**TASK TO COMPLETE**
Wherever a picture appears, skip it and retype the rest of the data exactly.

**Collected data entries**
-----

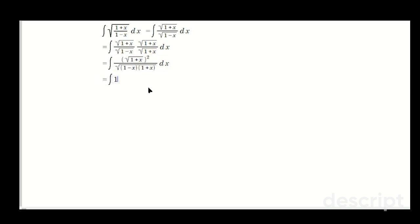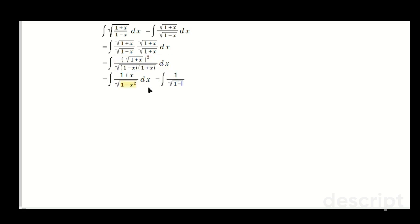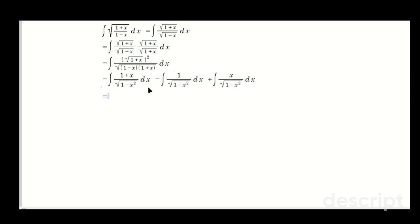So it's going to be the antiderivative of (1 plus x) over the root of (1 minus x squared) dx. We can split this apart into 1 over the root of (1 minus x squared) plus x over the root of (1 minus x squared) dx.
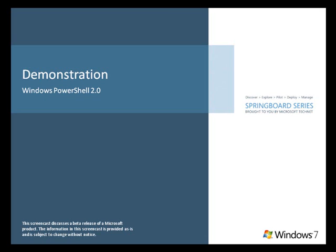In Windows 7, PowerShell can help IT pros be more productive. This screencast shows how.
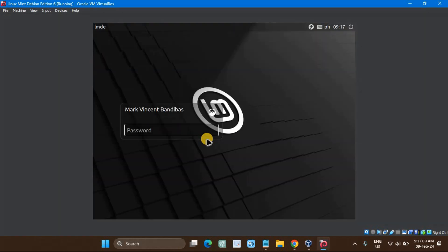Upon reboot, you'll be greeted with the LMDE 6 login screen. Use the same username and password that you have created.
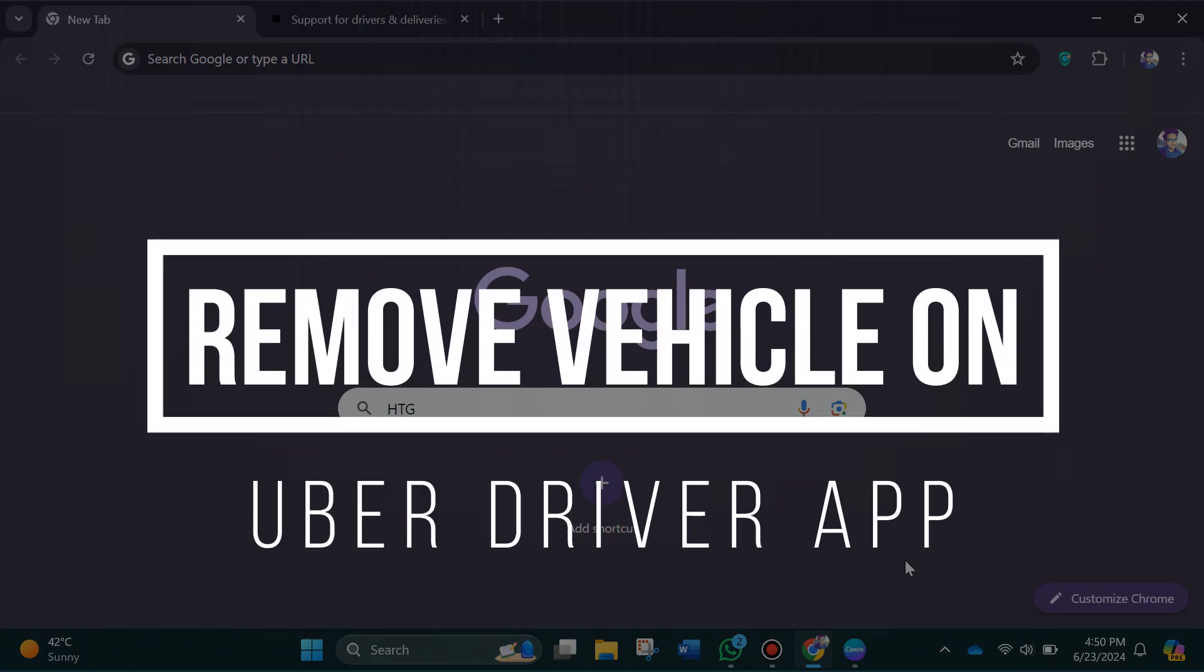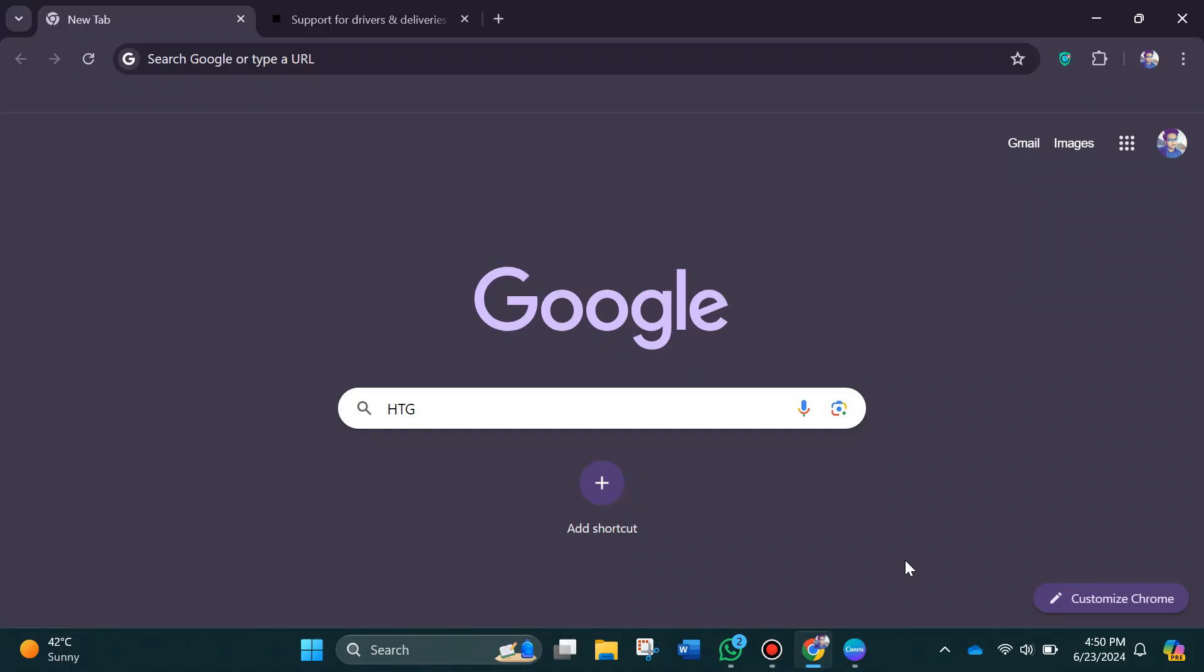How to remove vehicles on Uber driver app. Hey guys, in this video I'm going to show you how you can remove vehicles on Uber driver app. So make sure to watch this video till the end and let's get started.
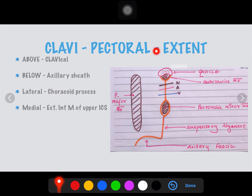The extent of the clavipectoral fascia: above, it is up to the clavicle bone; below, up to the axillary sheath; laterally, up to the coracoid process; and medially, up to the external intercostal muscle of the upper intercostal spaces.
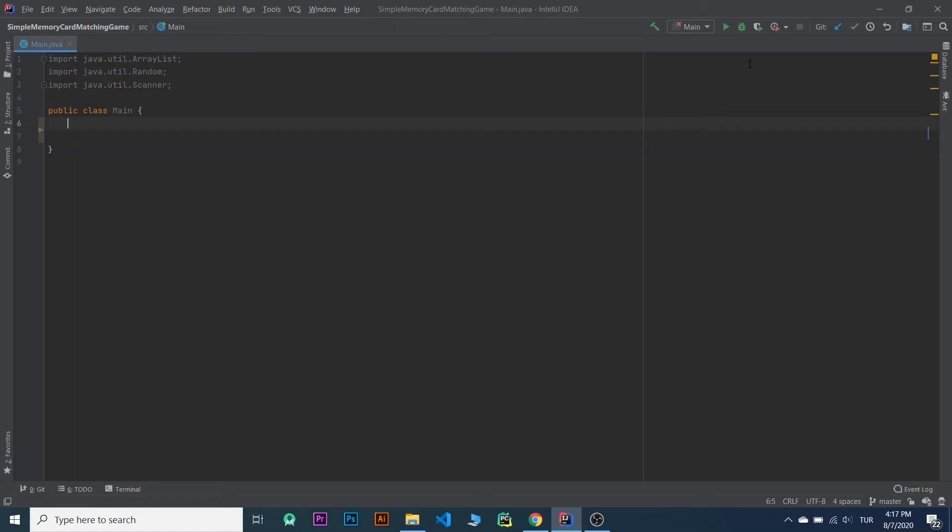Hello everyone! In this video I'm going to show you how to make a simple card matching game in Java.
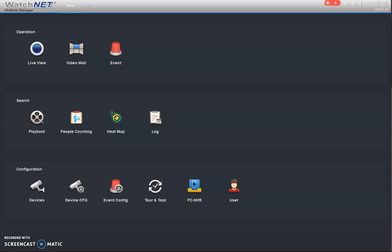Hey everyone, welcome to another video tutorial today from Alliance Security Niagara. We're going to be talking about the WatchNet Multi-Site Manager.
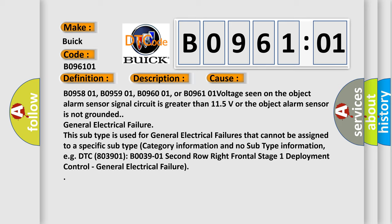General electrical failure: this subtype is used for general electrical failures that cannot be assigned to a specific subtype category information and no subtype information. For example, DTC B003901, second row right frontal stage one deployment control, general electrical failure.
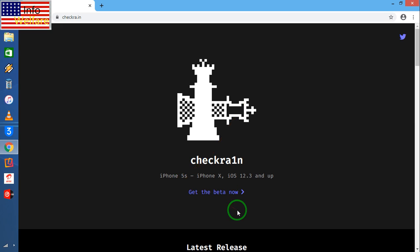It will start to download, but for your kind information, if you would like to directly set up this Checkra1n on your computer, first of all you will have to convert from operating system Windows to Mac system.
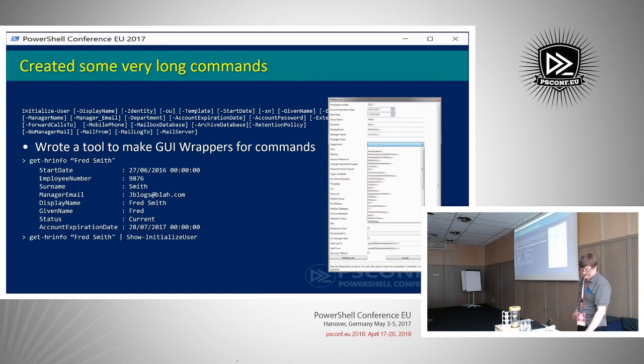Initialize-User takes a lot of parameters — display name, ID, and so on. We built a GUI wrapper using WPF PowerShell and made sure it would accept pipeline input, so you could do 'Get-HRInfo "Fred Smith"' and pipe that into 'Show-InitializeUser' and it would fill in all the pieces for that user. That made it even easier for the guys on the front line — they didn't have to know every parameter. That was how I ended up customising the exported module.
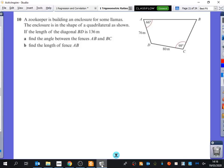We're going to look at a couple of problems that include sine rule and cosine rule — that covers all the skills from before. So here we've got a zookeeper building an enclosure for some llamas. The enclosure is in the shape of a quadrilateral as shown. If the length of the diagonal BD is 136 metres, find the angle between the fences AB and BC.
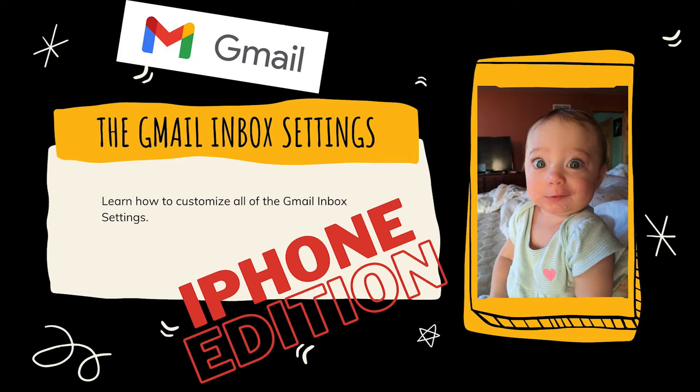It's Kurt here with TeachMomHow. Today we are teaching mom the Gmail inbox settings. You're going to learn how to customize all of the Gmail inbox settings. And this one is an iPhone edition. Let's get started.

-----

**EXERCISE RESULT**
So it's going to be the antiderivative of (1 plus x) over the root of (1 minus x squared) dx. We can split this apart into 1 over the root of (1 minus x squared) plus x over the root of (1 minus x squared) dx.
In Windows 7, PowerShell can help IT pros be more productive. This screencast shows how.
Upon reboot, you'll be greeted with the LMDE 6 login screen. Use the same username and password that you have created.
How to remove vehicles on Uber driver app. Hey guys, in this video I'm going to show you how you can remove vehicles on Uber driver app. So make sure to watch this video till the end and let's get started.
The extent of the clavipectoral fascia: above, it is up to the clavicle bone; below, up to the axillary sheath; laterally, up to the coracoid process; and medially, up to the external intercostal muscle of the upper intercostal spaces.
Hello everyone! In this video I'm going to show you how to make a simple card matching game in Java.
Hey everyone, welcome to another video tutorial today from Alliance Security Niagara. We're going to be talking about the WatchNet Multi-Site Manager.
General electrical failure: this subtype is used for general electrical failures that cannot be assigned to a specific subtype category information and no subtype information. For example, DTC B003901, second row right frontal stage one deployment control, general electrical failure.
It will start to download, but for your kind information, if you would like to directly set up this Checkra1n on your computer, first of all you will have to convert from operating system Windows to Mac system.
Initialize-User takes a lot of parameters — display name, ID, and so on. We built a GUI wrapper using WPF PowerShell and made sure it would accept pipeline input, so you could do 'Get-HRInfo "Fred Smith"' and pipe that into 'Show-InitializeUser' and it would fill in all the pieces for that user. That made it even easier for the guys on the front line — they didn't have to know every parameter. That was how I ended up customising the exported module.
We're going to look at a couple of problems that include sine rule and cosine rule — that covers all the skills from before. So here we've got a zookeeper building an enclosure for some llamas. The enclosure is in the shape of a quadrilateral as shown. If the length of the diagonal BD is 136 metres, find the angle between the fences AB and BC.
It's Kurt here with TeachMomHow. Today we are teaching mom the Gmail inbox settings. You're going to learn how to customize all of the Gmail inbox settings. And this one is an iPhone edition. Let's get started.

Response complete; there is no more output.